[Web page caption snippets]
· · · · ·

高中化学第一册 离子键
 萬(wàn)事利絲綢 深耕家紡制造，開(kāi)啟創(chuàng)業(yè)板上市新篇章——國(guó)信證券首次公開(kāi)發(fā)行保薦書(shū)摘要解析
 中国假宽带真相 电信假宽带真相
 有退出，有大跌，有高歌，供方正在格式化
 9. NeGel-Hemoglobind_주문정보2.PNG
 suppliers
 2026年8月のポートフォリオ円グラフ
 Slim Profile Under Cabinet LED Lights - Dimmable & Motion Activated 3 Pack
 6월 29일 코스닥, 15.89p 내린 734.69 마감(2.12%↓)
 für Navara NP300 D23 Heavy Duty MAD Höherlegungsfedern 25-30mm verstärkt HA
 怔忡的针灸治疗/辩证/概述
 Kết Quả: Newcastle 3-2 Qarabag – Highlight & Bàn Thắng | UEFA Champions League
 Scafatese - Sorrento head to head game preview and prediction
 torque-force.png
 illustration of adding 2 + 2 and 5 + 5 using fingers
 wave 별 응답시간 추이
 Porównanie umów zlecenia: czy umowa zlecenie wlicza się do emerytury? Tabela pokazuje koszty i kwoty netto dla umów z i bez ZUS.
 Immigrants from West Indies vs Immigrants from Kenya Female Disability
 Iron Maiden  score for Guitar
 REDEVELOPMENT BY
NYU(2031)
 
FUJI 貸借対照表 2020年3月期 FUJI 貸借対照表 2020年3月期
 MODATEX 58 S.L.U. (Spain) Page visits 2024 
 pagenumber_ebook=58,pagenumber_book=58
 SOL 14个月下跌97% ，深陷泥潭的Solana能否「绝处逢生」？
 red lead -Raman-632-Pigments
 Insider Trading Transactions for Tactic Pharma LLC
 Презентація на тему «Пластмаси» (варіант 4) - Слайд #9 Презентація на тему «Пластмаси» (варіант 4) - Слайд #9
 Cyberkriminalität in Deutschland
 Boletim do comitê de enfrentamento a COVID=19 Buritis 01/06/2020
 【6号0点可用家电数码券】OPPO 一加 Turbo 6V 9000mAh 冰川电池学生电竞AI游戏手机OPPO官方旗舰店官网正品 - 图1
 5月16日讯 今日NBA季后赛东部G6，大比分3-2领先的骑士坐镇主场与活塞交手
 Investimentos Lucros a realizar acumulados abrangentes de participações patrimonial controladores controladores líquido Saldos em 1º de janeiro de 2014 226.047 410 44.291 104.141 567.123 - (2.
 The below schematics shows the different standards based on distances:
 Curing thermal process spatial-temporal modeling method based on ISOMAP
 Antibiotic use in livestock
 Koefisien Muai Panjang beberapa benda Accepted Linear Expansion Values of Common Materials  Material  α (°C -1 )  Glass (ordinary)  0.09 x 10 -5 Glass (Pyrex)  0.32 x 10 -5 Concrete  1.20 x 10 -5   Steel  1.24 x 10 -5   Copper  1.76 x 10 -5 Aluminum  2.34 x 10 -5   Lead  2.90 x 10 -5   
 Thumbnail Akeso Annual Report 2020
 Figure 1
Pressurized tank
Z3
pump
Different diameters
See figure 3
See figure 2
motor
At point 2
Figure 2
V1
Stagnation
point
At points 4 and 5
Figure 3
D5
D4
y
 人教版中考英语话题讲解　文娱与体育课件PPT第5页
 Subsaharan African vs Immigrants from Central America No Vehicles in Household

· · · · ·

What is needed - Your answer must be the lines above from the one containing "怔忡的针灸治疗/辩证/概述" to the one containing "Immigrants from West", both included, restated word for word.

Answer below -
 怔忡的针灸治疗/辩证/概述
 Kết Quả: Newcastle 3-2 Qarabag – Highlight & Bàn Thắng | UEFA Champions League
 Scafatese - Sorrento head to head game preview and prediction
 torque-force.png
 illustration of adding 2 + 2 and 5 + 5 using fingers
 wave 별 응답시간 추이
 Porównanie umów zlecenia: czy umowa zlecenie wlicza się do emerytury? Tabela pokazuje koszty i kwoty netto dla umów z i bez ZUS.
 Immigrants from West Indies vs Immigrants from Kenya Female Disability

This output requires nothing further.